Copy out exactly the lines spanning the line with "فرمانده ارتش سودان: برای" to the line with "Yass Community Christmas", inclusive, from the data underneath, with no pictures.

■ Information ■
-----
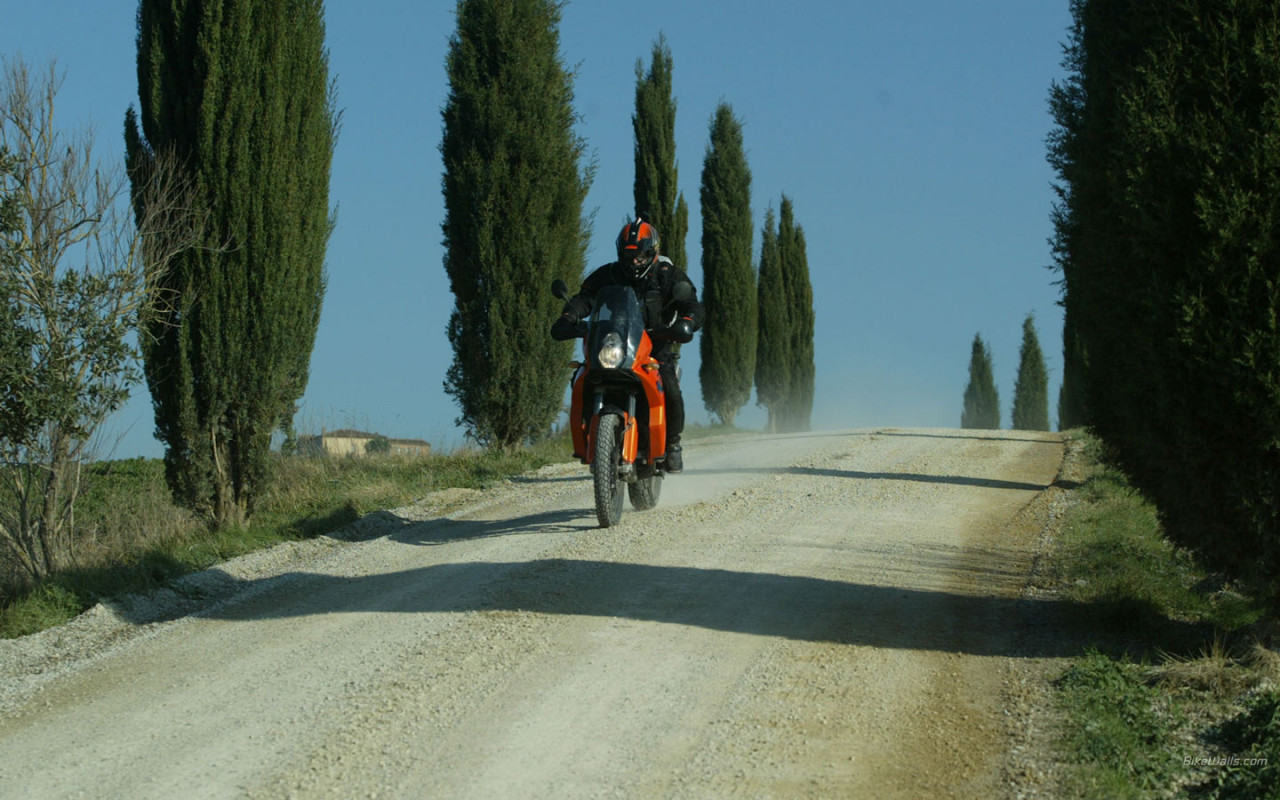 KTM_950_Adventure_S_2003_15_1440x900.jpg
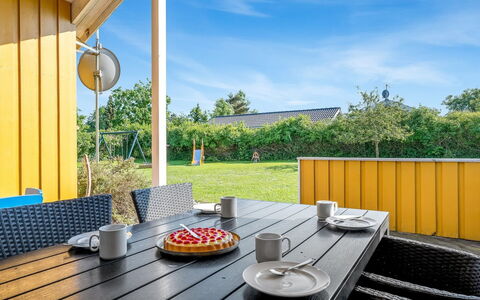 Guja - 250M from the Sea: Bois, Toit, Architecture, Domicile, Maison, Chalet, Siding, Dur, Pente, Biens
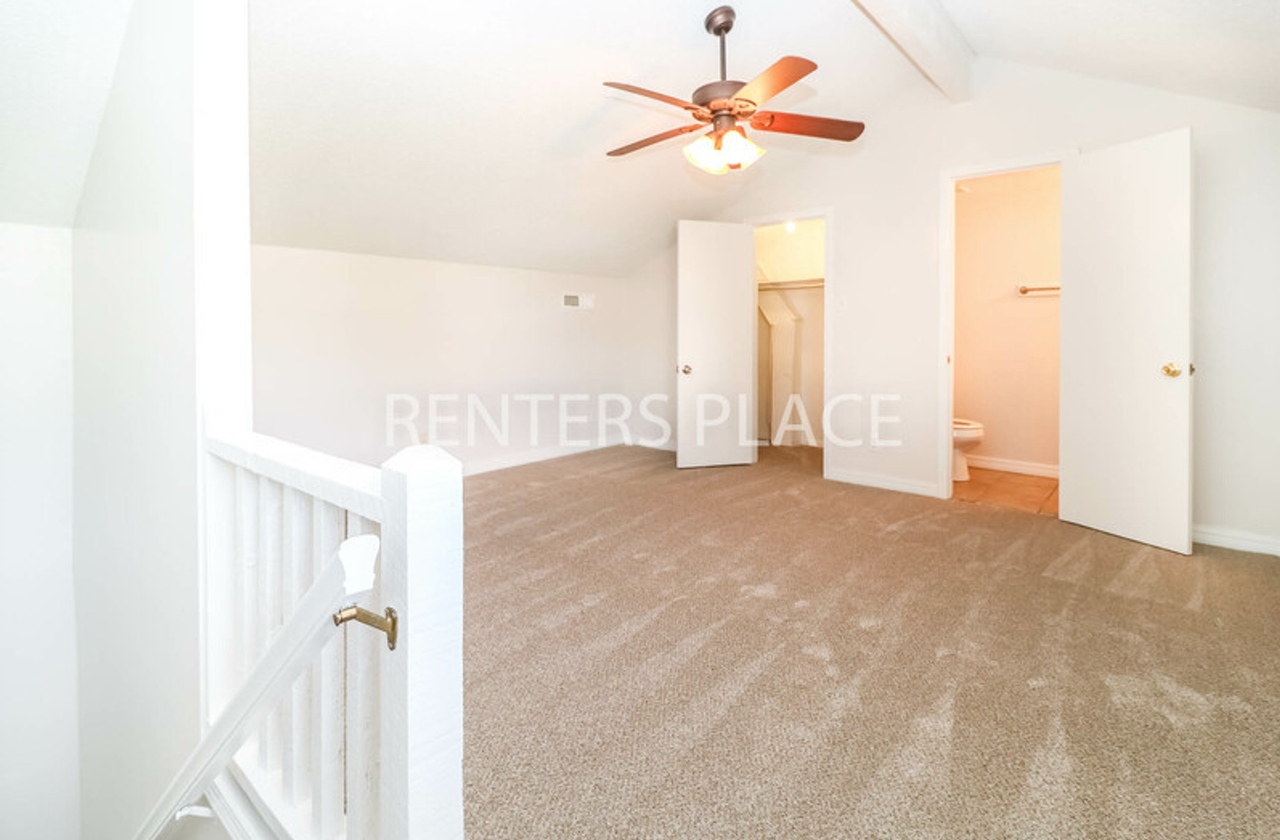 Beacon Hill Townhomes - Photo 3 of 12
-----
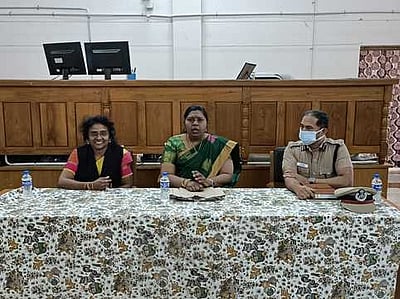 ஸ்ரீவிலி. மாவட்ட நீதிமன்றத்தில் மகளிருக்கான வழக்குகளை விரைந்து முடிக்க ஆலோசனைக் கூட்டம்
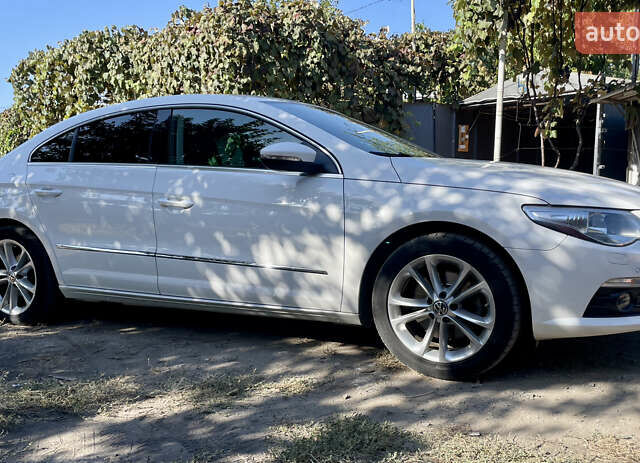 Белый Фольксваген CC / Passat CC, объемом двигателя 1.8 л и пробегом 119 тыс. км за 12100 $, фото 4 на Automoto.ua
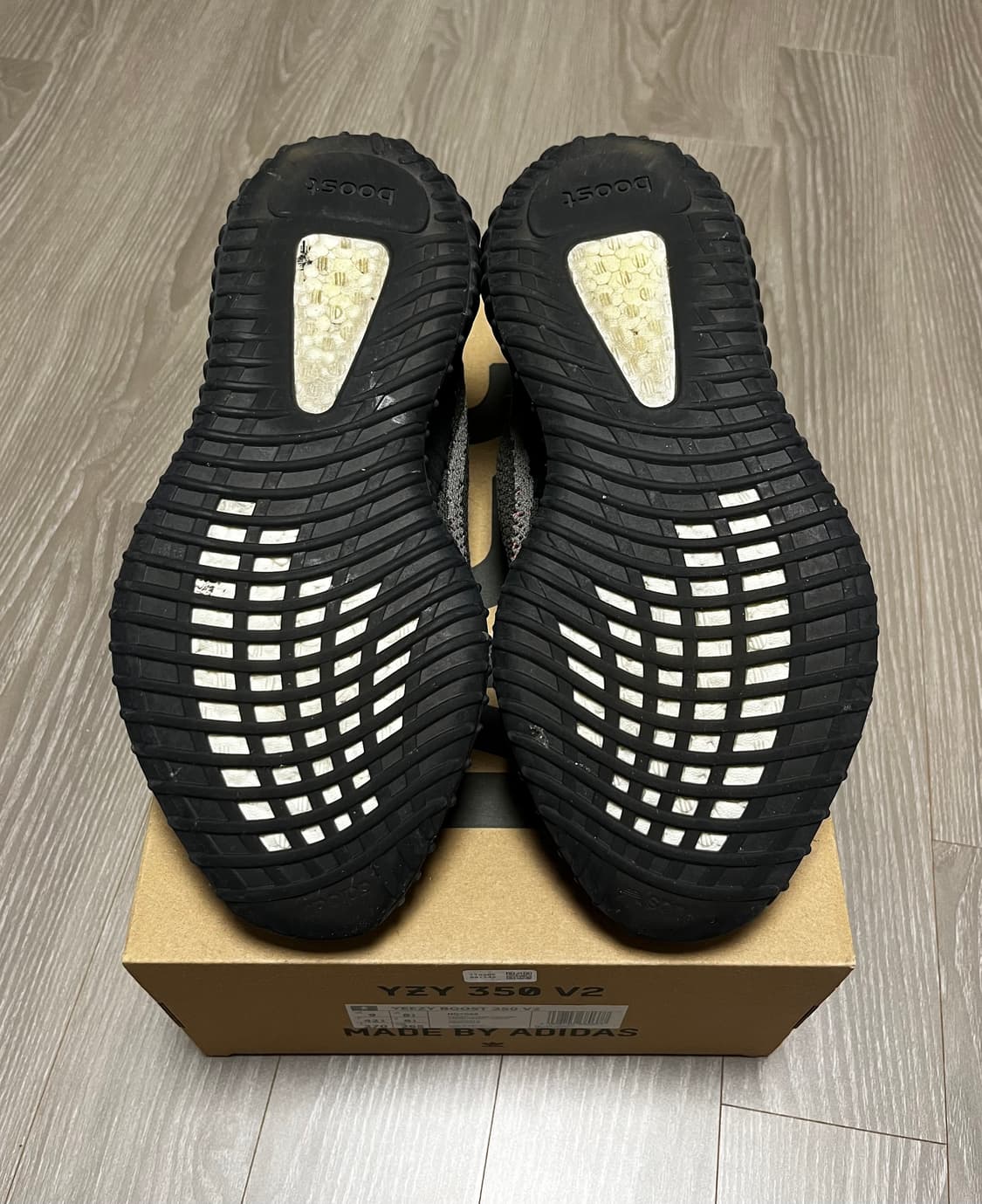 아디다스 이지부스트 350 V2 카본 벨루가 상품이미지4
-----
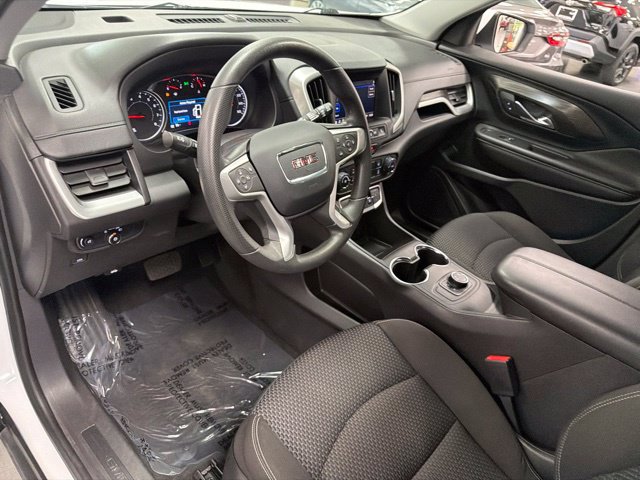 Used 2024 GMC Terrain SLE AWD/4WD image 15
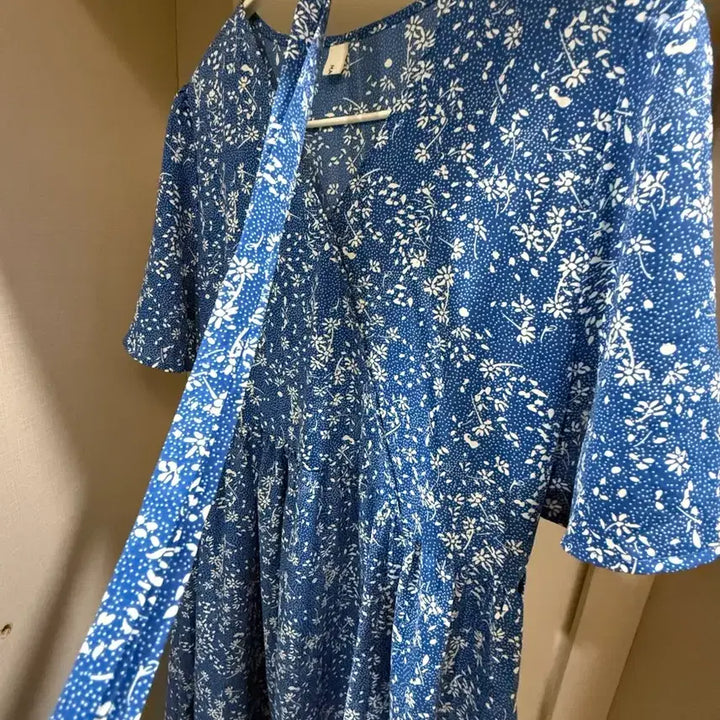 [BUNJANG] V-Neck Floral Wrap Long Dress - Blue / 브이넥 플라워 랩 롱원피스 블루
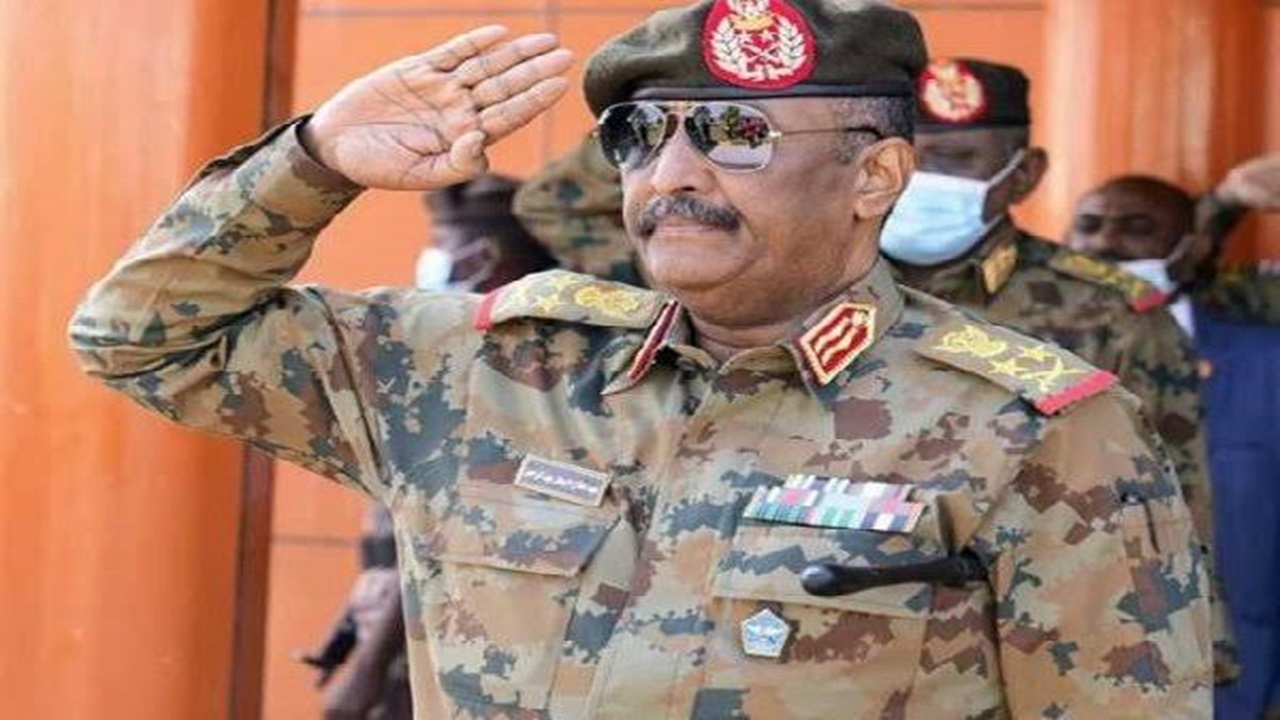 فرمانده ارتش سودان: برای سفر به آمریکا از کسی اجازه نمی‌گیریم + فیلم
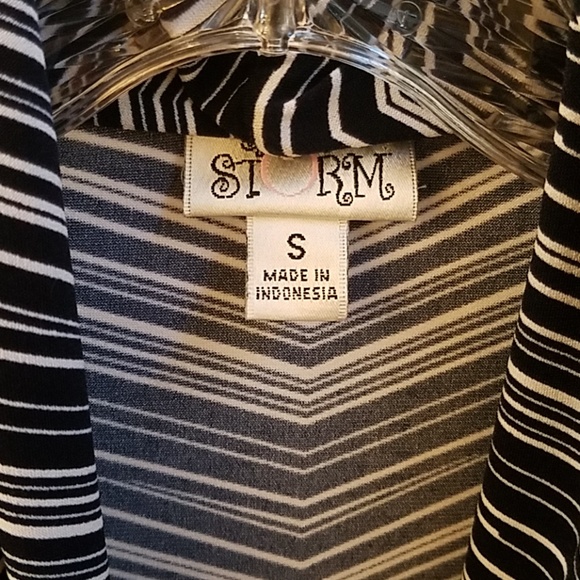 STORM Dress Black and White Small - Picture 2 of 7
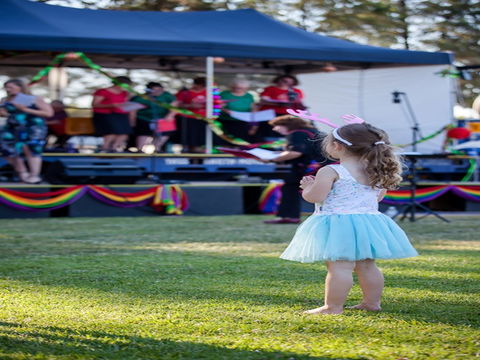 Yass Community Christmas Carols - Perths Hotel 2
-----
■ Result of the exercise ■
 فرمانده ارتش سودان: برای سفر به آمریکا از کسی اجازه نمی‌گیریم + فیلم
 STORM Dress Black and White Small - Picture 2 of 7
 Yass Community Christmas Carols - Perths Hotel 2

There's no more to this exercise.